Jeff Miller on February 6, 2014

Photo by Dino Perrucci

Sister Sparrow & the Dirty Birds

Brooklyn Bowl

Brooklyn, N.Y.

January 31

The phrase “a small girl with a big voice” should be accompanied by a photo of Arleigh Kincheloe, the singer for the NY-based Sister Sparrow & the Dirty Birds. Kincheloe wails with the passion of a thousand banshees and the control of singers like Sharon Jones or Janis Joplin. So it’s no surprise that her band’s reinvention of Led Zeppelin IV – yes, the whole damn thing – at a sold out show at the Brooklyn Bowl on the Friday before the Super Bowl was inspired and captivating. It was a whole lot of fun, too.

Kinchole is the center of attention both literally and figuratively throughout; she alternates between overtly sexy hip-gyrations and girl-next-door who-me ingénue looks throughout the performance, but what makes her captivating is her vocal power. Opening the show with Michael Jackson’s “The Way You Make Me Feel,” punctuated by a 3-piece horn section powering through the songs’ changes, while Kinchoele radiated confidence and charisma. The band wound its way through some originals, getting into the groove, with harmonica-vs-guitar interplay on one, and power-drumming another, never losing focus.

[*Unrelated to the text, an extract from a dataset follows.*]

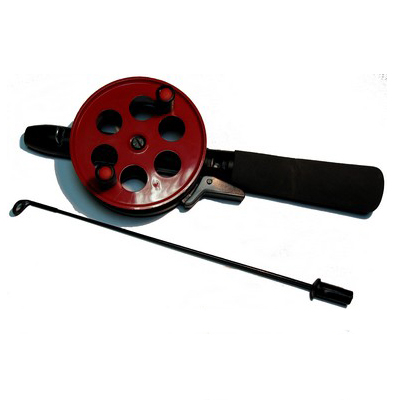 Зимняя удочка Bumerang GL (хлыст-стекловолокно, рукоять-пластик)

But the main event was Zeppelin IV, which the group completely re-organized from the get go. “Black Dog” has undergone soul arrangements before, so the horn hits on it weren’t totally unrecognizable, though they took over Jimmy Page’s wound-up guitar on the song’s coda, popping and dropping rather than rocking and jocking. “Rock and Roll” may have been the most-restructured song of the set, with the band weaving in and out of the opening lick to Rage Against The Machine’s “Bulls On Parade” throughout, creating not just a new arrangement, but a live mashup. “Stairway To Heaven,” of course, may have been the most challenging rewrite: it started straightforward enough, but by the time we were bustling in a hedgerow, Kinchole was running scales up and down all over the place, scatting and re-jiggering Robert Plant’s vocal phrasing in a way that would have been criminal if it weren’t so genuine. “Misty Mountain Hop” devolved into a ska jam with hints of Paul Simon, and “When The Levee Breaks” was a wall of sound thanks to 3 extra horn players, a true aural assault.

For the encore, Sister Sparrow rocked “D’Yer Maker” – one of those Zeppelin songs that’s not as heralded as the others, but every bit as good – nay, great. The same can be said for Sister Sparrow & the Dirty Birds.